#### Exercise goal
Using the listing below, please print exactly the lines from the one with "Toyota Prado 2018" through the one with "Objectif Canon RF". Leave out every picture.

#### Study material
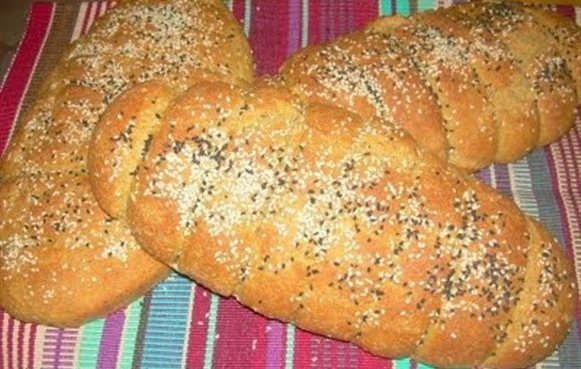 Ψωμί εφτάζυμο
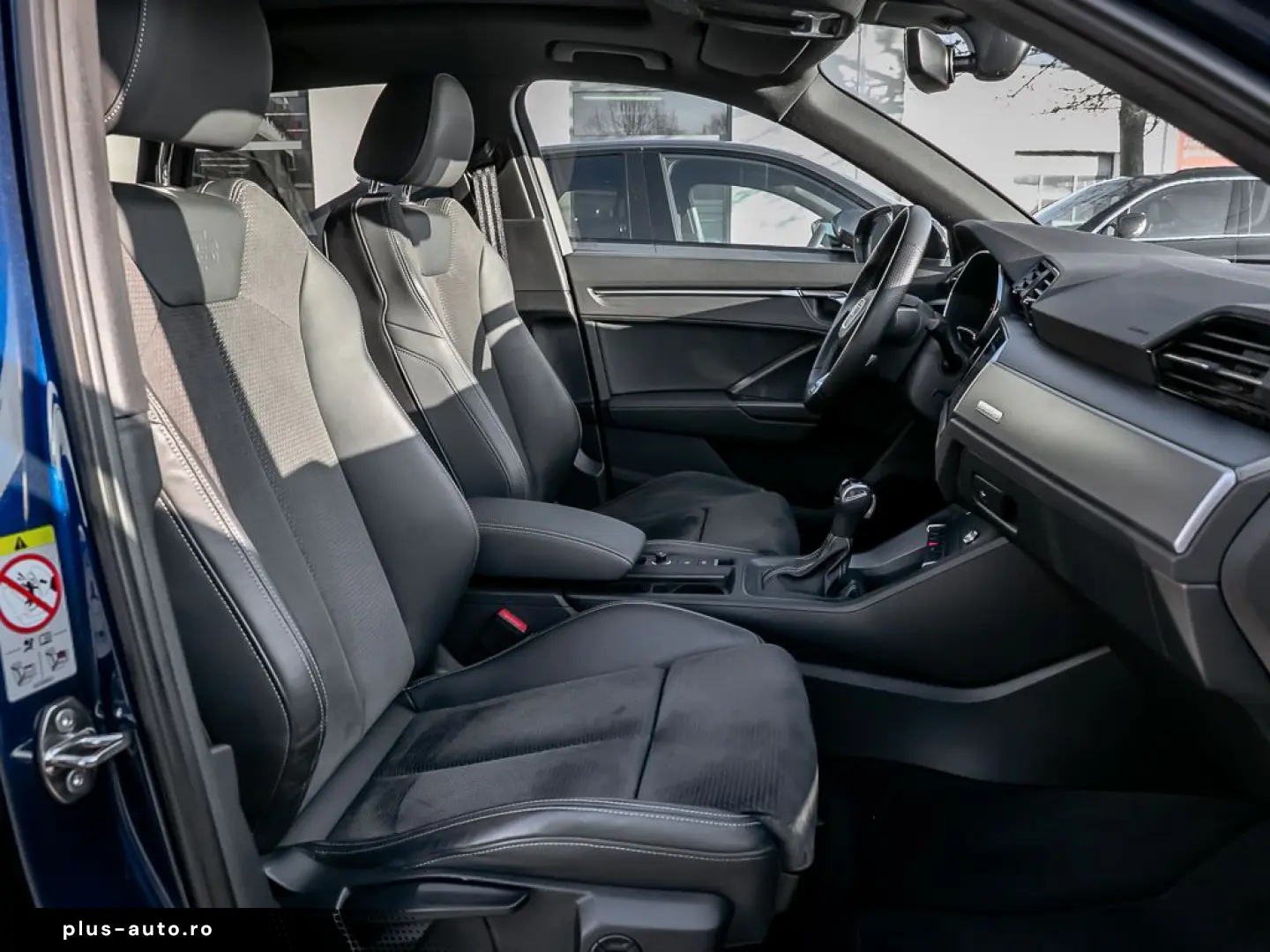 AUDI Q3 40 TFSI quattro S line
* * *
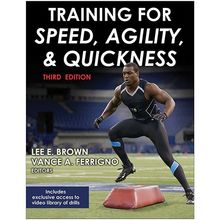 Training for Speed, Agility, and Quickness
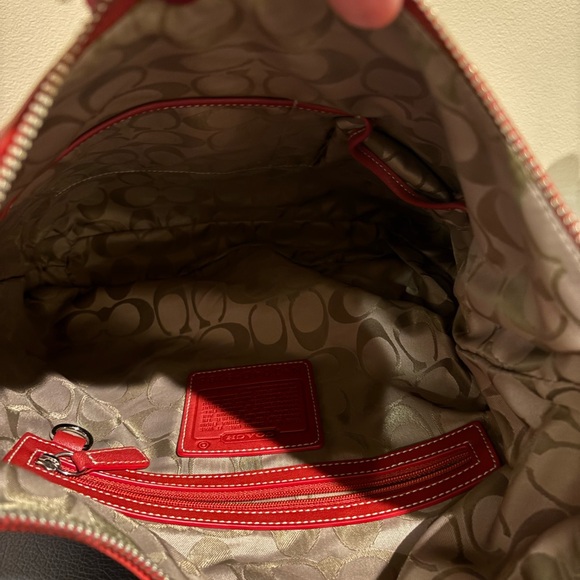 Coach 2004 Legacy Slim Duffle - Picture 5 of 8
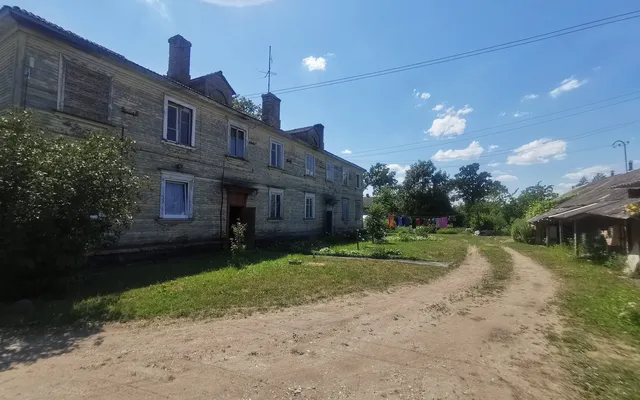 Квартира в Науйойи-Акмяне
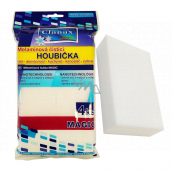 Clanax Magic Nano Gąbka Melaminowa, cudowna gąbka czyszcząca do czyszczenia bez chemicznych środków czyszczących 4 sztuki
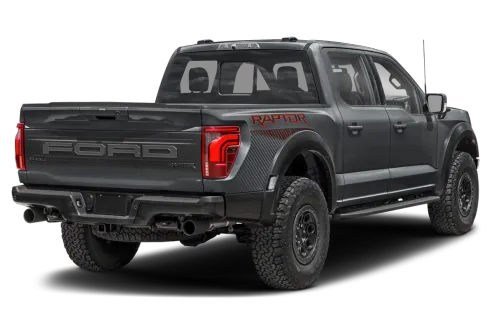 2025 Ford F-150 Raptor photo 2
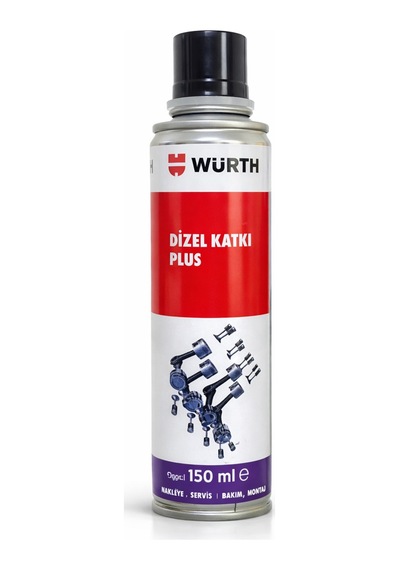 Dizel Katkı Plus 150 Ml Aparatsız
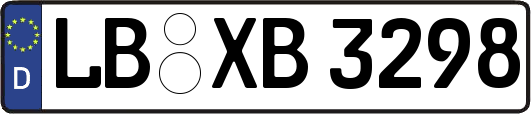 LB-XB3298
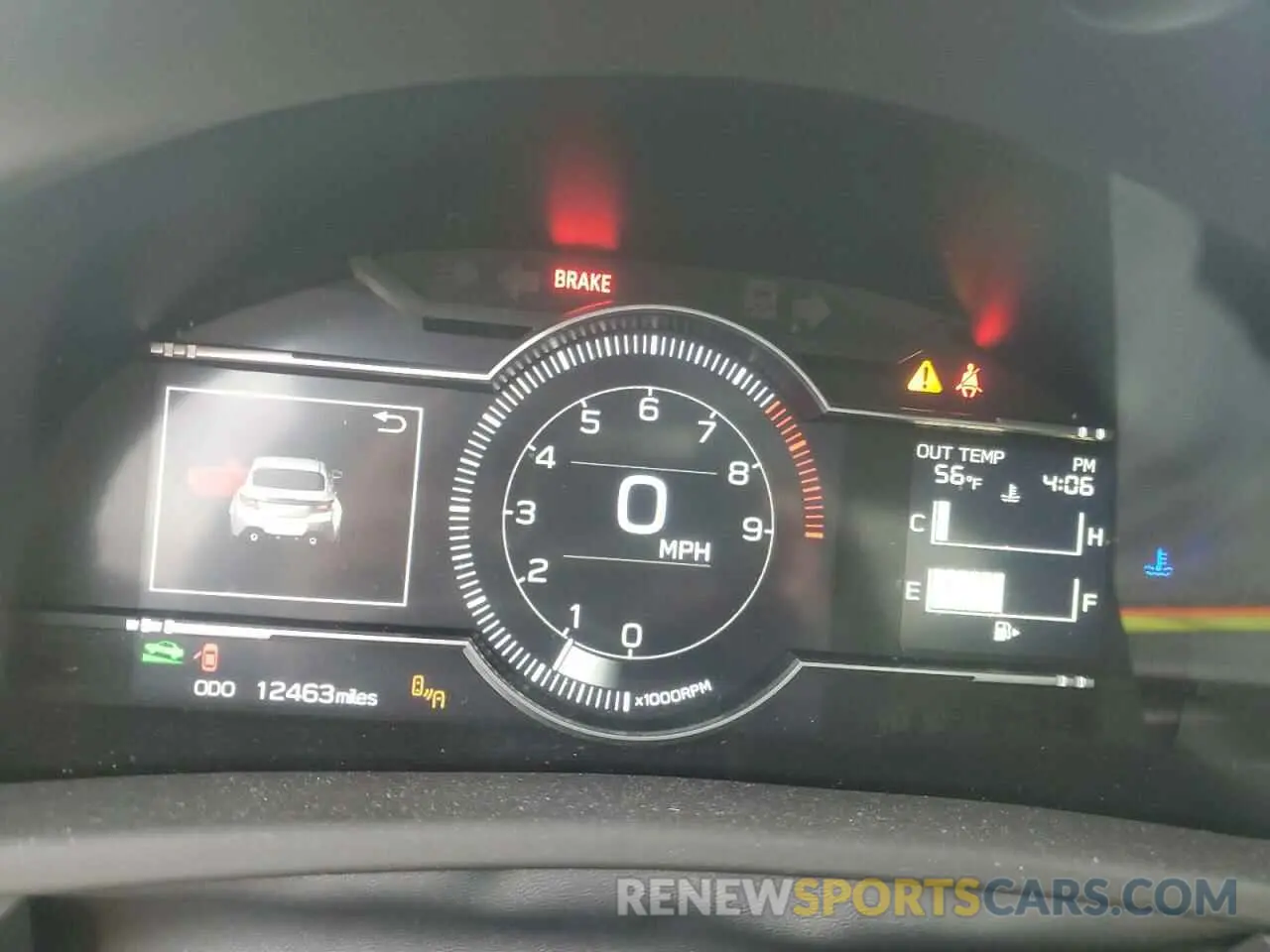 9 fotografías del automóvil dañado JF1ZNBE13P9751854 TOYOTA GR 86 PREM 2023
* * *
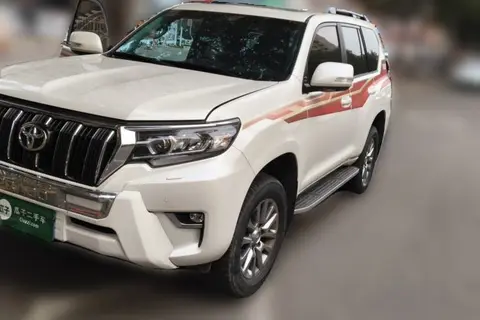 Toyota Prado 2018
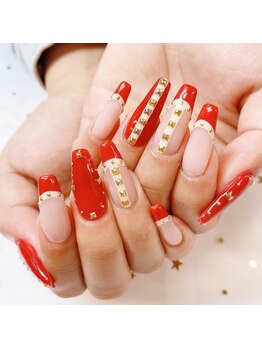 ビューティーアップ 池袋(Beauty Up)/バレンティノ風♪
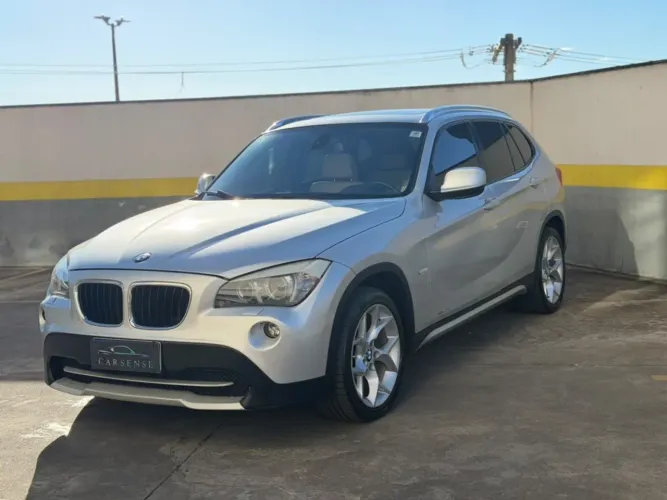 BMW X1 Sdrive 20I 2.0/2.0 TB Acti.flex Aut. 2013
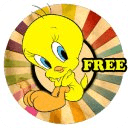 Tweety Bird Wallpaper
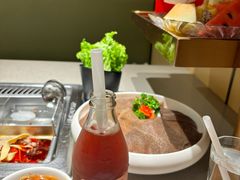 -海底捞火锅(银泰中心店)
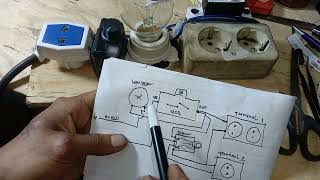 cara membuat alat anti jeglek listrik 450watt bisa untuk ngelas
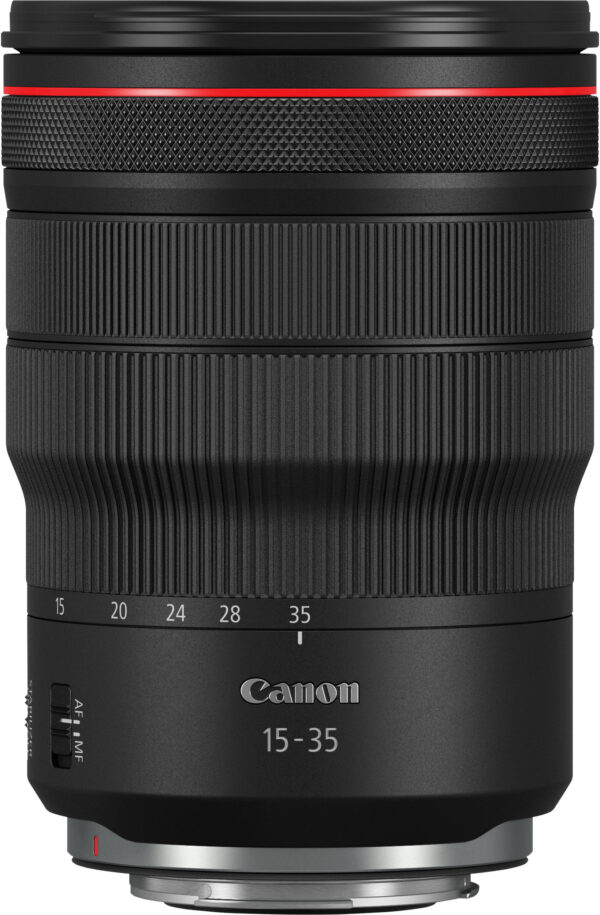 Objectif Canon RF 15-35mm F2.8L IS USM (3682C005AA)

#### Solved problem
 Toyota Prado 2018
 ビューティーアップ 池袋(Beauty Up)/バレンティノ風♪
 BMW X1 Sdrive 20I 2.0/2.0 TB Acti.flex Aut. 2013
 Tweety Bird Wallpaper
 -海底捞火锅(银泰中心店)
 cara membuat alat anti jeglek listrik 450watt bisa untuk ngelas
 Objectif Canon RF 15-35mm F2.8L IS USM (3682C005AA)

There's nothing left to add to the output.